Posted by: tj at July 2, 2012 02:42 PM
Gov't should not get into this? Who are you kidding? Let's not assume that the Obama administration is as stupid as Bush who backed ethanol for automobiles. That was pretty stupid, I agree. Was the government stupid in pushing the internet forward? That event created billions of dollars in wealth. I think that was pretty smart governement. Brazil, which has a huge amounts of sugar cane, is energy self-sufficient because they were smart enough to know to use an abundant cheap resource for automobile fuel. The issue is not govt. vs. no govt., it is stupid vs. smart government. With some small subsidies, like tax breaks for building natural gas filling stations, we could get the Middle East off of our throats and be energy self-sufficient. Don't forget that part of the reason we have oil is because we helped the oil industry with tax breaks until they did not need it any more. Curtis
Posted by: Curtis at July 2, 2012 06:43 PM
Curtis: 'With some small subsidies, like tax breaks for building natural gas filling stations..."

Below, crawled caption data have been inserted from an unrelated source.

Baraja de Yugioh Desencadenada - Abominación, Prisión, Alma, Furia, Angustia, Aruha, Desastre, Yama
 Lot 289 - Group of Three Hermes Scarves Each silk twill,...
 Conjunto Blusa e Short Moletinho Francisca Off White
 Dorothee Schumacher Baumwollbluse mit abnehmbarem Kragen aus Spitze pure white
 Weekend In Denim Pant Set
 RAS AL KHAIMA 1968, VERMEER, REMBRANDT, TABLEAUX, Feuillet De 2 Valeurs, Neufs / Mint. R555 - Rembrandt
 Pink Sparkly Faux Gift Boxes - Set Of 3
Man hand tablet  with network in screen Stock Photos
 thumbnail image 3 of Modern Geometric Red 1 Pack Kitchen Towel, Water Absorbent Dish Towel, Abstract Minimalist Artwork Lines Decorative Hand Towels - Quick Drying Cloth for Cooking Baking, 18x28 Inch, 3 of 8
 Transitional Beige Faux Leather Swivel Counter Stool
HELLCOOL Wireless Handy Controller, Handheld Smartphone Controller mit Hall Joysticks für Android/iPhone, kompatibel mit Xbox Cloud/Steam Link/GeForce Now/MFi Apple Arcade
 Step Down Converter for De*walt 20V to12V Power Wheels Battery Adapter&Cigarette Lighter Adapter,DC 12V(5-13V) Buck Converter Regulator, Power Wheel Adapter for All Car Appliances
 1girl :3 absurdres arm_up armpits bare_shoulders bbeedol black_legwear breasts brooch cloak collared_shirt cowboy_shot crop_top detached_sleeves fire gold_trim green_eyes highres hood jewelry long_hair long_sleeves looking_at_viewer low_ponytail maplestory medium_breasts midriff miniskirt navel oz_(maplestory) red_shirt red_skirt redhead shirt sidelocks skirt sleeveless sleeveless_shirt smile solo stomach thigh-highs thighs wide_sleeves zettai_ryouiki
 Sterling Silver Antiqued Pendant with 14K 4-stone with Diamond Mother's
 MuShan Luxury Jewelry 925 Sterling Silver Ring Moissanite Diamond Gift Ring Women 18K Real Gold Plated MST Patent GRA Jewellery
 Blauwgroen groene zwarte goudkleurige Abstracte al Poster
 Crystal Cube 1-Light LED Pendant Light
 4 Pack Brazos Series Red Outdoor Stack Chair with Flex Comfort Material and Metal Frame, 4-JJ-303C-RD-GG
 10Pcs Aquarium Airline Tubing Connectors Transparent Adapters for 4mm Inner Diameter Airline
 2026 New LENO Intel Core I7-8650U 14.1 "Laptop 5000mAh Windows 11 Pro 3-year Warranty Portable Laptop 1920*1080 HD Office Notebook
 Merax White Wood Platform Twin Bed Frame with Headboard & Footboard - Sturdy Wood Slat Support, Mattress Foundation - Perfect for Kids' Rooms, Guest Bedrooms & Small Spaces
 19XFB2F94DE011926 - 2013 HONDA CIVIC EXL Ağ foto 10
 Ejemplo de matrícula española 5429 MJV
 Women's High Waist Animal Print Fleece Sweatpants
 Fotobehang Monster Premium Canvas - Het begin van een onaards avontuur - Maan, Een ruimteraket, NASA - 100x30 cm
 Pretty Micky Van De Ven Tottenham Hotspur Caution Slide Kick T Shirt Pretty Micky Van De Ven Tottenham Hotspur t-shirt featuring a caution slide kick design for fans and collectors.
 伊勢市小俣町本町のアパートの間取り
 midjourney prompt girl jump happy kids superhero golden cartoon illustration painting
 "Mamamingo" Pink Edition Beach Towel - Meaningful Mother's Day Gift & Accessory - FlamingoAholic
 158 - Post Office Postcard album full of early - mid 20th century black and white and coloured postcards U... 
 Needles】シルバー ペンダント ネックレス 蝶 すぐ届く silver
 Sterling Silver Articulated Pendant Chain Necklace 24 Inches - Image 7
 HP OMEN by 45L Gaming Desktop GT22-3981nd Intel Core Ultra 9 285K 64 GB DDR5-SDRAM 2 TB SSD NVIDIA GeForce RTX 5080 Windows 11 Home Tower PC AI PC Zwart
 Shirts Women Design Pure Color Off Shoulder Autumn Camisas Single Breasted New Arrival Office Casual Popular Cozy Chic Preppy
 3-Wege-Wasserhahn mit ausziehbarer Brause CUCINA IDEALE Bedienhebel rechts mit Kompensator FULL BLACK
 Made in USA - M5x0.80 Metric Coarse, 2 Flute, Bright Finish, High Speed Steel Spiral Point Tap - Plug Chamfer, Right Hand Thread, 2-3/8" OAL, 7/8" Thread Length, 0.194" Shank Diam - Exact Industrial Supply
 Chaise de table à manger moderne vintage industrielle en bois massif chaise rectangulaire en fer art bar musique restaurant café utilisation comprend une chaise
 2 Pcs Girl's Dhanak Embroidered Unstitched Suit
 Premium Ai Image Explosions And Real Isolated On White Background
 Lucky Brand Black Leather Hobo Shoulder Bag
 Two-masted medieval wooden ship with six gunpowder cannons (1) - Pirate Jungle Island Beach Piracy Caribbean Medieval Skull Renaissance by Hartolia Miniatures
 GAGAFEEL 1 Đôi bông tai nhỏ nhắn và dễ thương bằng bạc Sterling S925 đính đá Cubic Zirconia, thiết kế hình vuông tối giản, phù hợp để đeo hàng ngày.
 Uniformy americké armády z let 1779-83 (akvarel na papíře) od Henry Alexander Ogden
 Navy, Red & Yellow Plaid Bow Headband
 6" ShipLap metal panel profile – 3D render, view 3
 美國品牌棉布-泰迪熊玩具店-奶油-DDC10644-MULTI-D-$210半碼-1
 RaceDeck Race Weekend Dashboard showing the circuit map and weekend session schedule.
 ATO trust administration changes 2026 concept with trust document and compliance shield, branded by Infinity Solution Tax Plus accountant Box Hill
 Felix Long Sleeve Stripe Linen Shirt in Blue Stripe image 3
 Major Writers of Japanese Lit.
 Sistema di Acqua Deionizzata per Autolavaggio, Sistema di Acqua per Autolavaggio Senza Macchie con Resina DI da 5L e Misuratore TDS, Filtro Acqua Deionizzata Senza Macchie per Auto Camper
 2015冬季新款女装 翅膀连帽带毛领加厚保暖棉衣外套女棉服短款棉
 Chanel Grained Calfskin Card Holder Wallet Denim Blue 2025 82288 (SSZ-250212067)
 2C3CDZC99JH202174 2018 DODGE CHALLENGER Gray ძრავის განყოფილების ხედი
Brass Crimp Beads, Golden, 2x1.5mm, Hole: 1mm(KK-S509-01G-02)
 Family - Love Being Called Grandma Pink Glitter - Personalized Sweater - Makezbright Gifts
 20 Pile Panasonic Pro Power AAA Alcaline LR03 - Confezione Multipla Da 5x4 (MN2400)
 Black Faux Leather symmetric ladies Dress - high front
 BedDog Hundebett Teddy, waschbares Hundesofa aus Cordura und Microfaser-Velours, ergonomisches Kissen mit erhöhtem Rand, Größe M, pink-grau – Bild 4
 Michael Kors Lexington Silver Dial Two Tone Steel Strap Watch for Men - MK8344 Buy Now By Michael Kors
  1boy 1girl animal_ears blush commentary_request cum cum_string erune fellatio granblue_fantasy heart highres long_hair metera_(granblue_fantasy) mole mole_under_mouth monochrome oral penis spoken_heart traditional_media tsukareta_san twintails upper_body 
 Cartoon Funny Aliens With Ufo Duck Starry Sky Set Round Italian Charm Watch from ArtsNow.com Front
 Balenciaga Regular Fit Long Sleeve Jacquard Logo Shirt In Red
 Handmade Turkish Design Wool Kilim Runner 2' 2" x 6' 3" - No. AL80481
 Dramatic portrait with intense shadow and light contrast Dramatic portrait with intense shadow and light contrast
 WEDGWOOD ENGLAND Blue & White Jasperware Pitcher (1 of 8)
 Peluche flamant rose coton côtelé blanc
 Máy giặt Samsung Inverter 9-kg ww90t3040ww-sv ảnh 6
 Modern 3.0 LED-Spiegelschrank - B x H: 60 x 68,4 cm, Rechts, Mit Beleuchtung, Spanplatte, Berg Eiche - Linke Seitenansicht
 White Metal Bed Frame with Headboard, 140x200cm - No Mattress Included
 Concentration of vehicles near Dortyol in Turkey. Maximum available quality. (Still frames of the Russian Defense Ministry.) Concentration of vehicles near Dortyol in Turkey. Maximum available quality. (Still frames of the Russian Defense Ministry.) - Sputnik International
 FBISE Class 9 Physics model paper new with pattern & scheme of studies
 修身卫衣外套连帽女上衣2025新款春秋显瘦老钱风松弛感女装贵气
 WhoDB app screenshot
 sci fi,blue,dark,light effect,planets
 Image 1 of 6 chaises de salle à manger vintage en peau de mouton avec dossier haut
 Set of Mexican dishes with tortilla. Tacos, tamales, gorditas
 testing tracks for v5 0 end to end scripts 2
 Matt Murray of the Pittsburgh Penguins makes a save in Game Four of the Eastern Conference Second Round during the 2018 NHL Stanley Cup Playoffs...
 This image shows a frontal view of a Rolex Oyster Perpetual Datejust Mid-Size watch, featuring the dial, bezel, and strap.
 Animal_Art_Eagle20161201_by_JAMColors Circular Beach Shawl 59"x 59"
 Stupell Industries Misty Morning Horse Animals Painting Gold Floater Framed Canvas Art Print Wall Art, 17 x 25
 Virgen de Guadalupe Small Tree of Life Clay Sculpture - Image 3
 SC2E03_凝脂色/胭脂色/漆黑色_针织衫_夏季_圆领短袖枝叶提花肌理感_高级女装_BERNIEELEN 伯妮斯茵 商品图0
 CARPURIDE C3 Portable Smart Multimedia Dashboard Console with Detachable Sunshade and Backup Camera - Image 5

There are plenty of investment tax credits and business expense credits that are generally available to all businesses. What we don't need are more "special interest" tax credits or loan guarantees or mandates for $26/gallon fuel that make no economic sense... basically the government trying to remake the economy and the competitive balance.
Natural gas is cheap; if it can't be attractive at current prices, it won't be competitive at all. The technology for CNG vehicles has been around for decades. It just doesn't measure up to the technology/cost of other powertrains. Make it better and it will sell better.
Posted by: Bruce Hall at July 3, 2012 08:04 AM
U.S. petrochemical companies seem one likely beneficiary of these trends.
Only if they do not build new facilities in the expectation that production is sustainable. The problem that the petrochemical companies face is that the 'glut' is only temporary. The fact is that tight oil and gas from shale formations is not very economic outside of a few core areas. In the absence of the Fed's very easy money policies the shale bubble would have burst quite some time ago. But even with those policies in place there is a serious problem in keeping all of the balls up in the air. The producer balance sheets are showing a huge increase in debt and if we used the EURs suggested by the production data we would find that profit remains very elusive and will remain elusive even at much higher prices.
Posted by: VangelV at July 4, 2012 07:56 AM
Vehicle LPG conversions are cheap and easy (my sister-in-law's brother has one). Certifying that they meet smog requirements, not so much. LPG is the third most common vehicle fuel internationally.
Posted by: benamery21 at July 4, 2012 02:41 PM
Thank you for this straightforward article.
It's true that the only beneficiaries are going to be the petrochemical industry, and only some of that. The majority of cracking complexes in the US already run ethane or ethane/propane. This is intensifying from the US's shale boom and from the middle east's preference for E/P as a feedstock over naphtha. This has caused a couple of things to go on downstream. Ethylene is far more likely to come out of E or E/P crackers than propylene, so ethylene and propylene prices have become decoupled. Ethylene is now cheaper than propylene by a wide margin, historically speaking. Because of the relative decline in naphtha crackers and the shutdown of unprofitable naphtha crackers (no longer able to compete based on expensive feedstock), heavy olefin molecules that result from cracking naphtha, particularly butadiene and isobutene that are essential for the synthetic rubber industry, are now in shortage.
Either way, NGLs are going to see a few new crackers built in the US, but they aren't going to fuel our cars. Not that it will stop hardline energy bulls from trumpeting the triumph of American production.